Aber sogar akzeptierend (was nicht der Fall ist), dass diese Formen "die Malerei" einordnet, der Argwohn des Zuschauers,beim Betrachten eines Gemäldes, stammt gerade von der Auflösung dieser beiden Elemente, Komponente, die in jedweder artistischen Äusserung substanziell sind. Deshalb geht meine eigene Vision beim Beurteilen eines Kunstwerkes von einem versöhnlichen Prinzip aus, und das unter dem Schutz von denen, die die Geschichte, die wir kennen, konstruierten, stelle ich zwei grundlegende Kategorien auf: Die Idealisierung des Realität. Nimm als Ausgangspunkt die Natur oder jenes, das wir sehen, ausstattend mit einer Reihe von subjektiven Elementen, Seele gebend wer sie nicht hat und das Geistige projektiernd in einer Weise, dass es sich in etwas anderes umwandelt.
Die Verwirklichung einer Idee.
Das ist für mich die Essenz und der höhere Stand er Kunst. Als Ausgangspunkt
müsste man etwas nehmen, das im Geist des menschlichen Wesens, dem Künstler,
auftaucht, und das er in diesem Prozess der Transposition zu Material mit
Elementen versieht, die erlauben, dass diese "Idee" eine "Realität" wird, um
sich dem Empfänger oder dem Zuschauer nähern zu können, führt man diese Idee so
aus, dass in diesem Prozess die Elemente ausdrucksvolle Gestalt annehmen, was
die Seele des Kunstwerkes ist. Dies beweisen die Werke, die schon einen Teil
unseres denkenden Wesens sind.

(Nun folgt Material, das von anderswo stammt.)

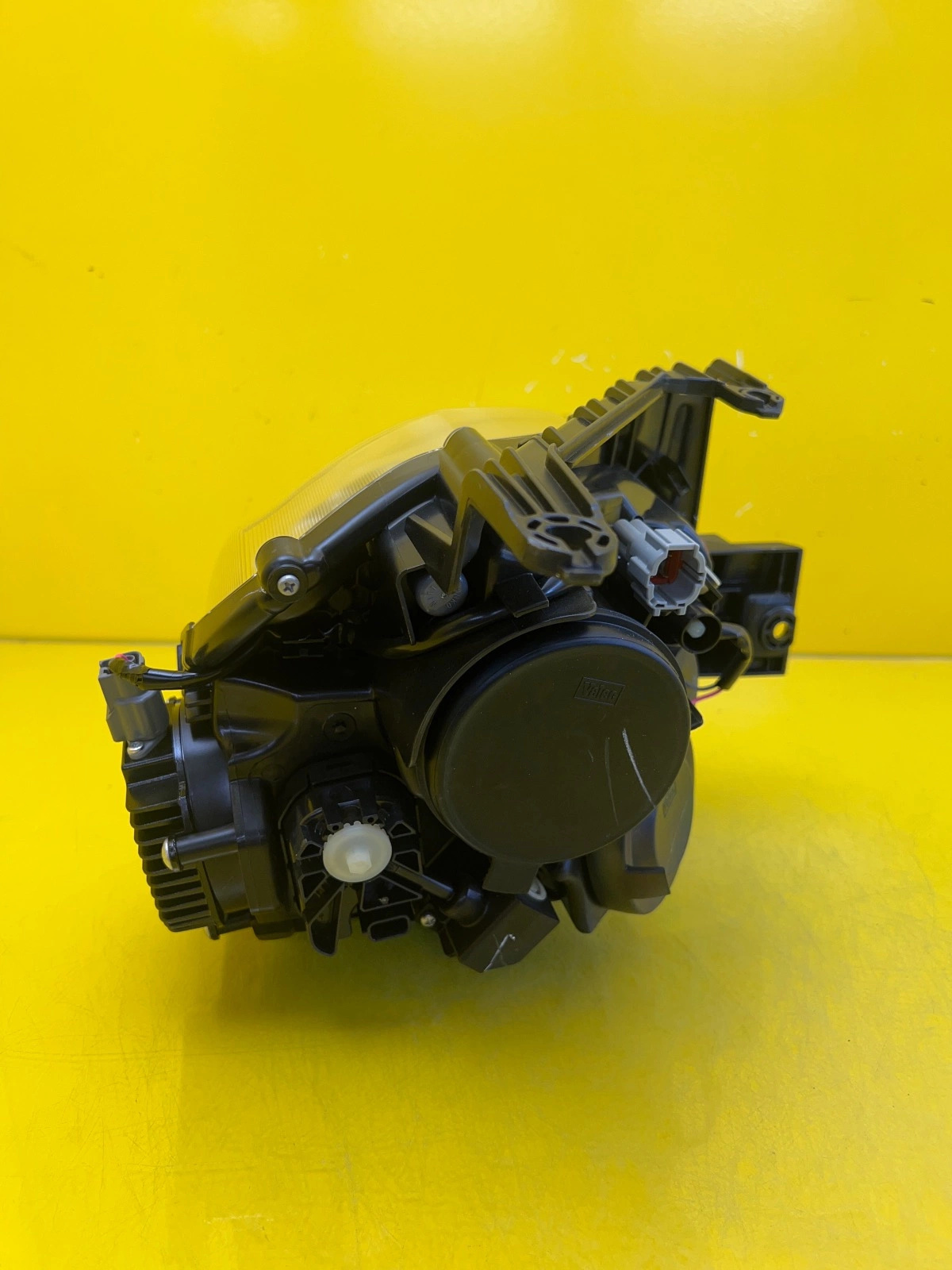 Far Xenon Nissan Juke - Image 4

Jemand stellt sich den Olymp anders vor, als wie
man ihn in der Epoche von Pericles "realisiert"? Jemand stellt sich die
Sitzordnung beim heilgen Abendmahl anders vor, als wie die Künstler sie
anordneten? Also gut, diese "Realisierungen" entsprechen mehr einer kompositiven
Anordnung in Verbindung mit der Harmonie, der Schönheit und der Ausdruckskraft,
als mit der Realität. Ist es nicht naiv zu denken, dass die Jungfrau Maria sich
wirklich mit primären Farben kleidete? Jedenfalls entspricht diese chromatische
Anordnung einer harmonischen, kompositiven, ausdrucksvollen Berechnung der
Farbe, was ihn seine Idee des Themas aufs bestmögliche “realisieren“ lässt
(artistisch gesprochen). Schlussfolgerungen, die man aus dieser Anordnung ziehen kann?:
Die Malerei ist Kunst und ist Wissenschaft, jedes Werk hat einen subjektiven Teil von mehr oder weniger Lyrik, und einen anderen Teil, die sich nach den äusserlichen Eigenschaften unserer Willenskraft richtet; der Zuschauer ahnt sie, der Maler kennt sie, der Meister beherrscht sie, und nur die Ausgewogenheit von beiden ist, was dem Werk Qualität verleiht.
Unter diesem Kontext, wenn man mich
fragt, wie ich meinen Stil selbst definiere, kann ich nur meinen Blick erheben
und mich im Meer der Ideen und Realitäten verlieren, durch die mein Werk gereist
ist, ich verstumme. Welchen Stil hat meine Malerei? Meine Malerei ist hinter keinem Stil her, sie ist Malerei, nichts weiter.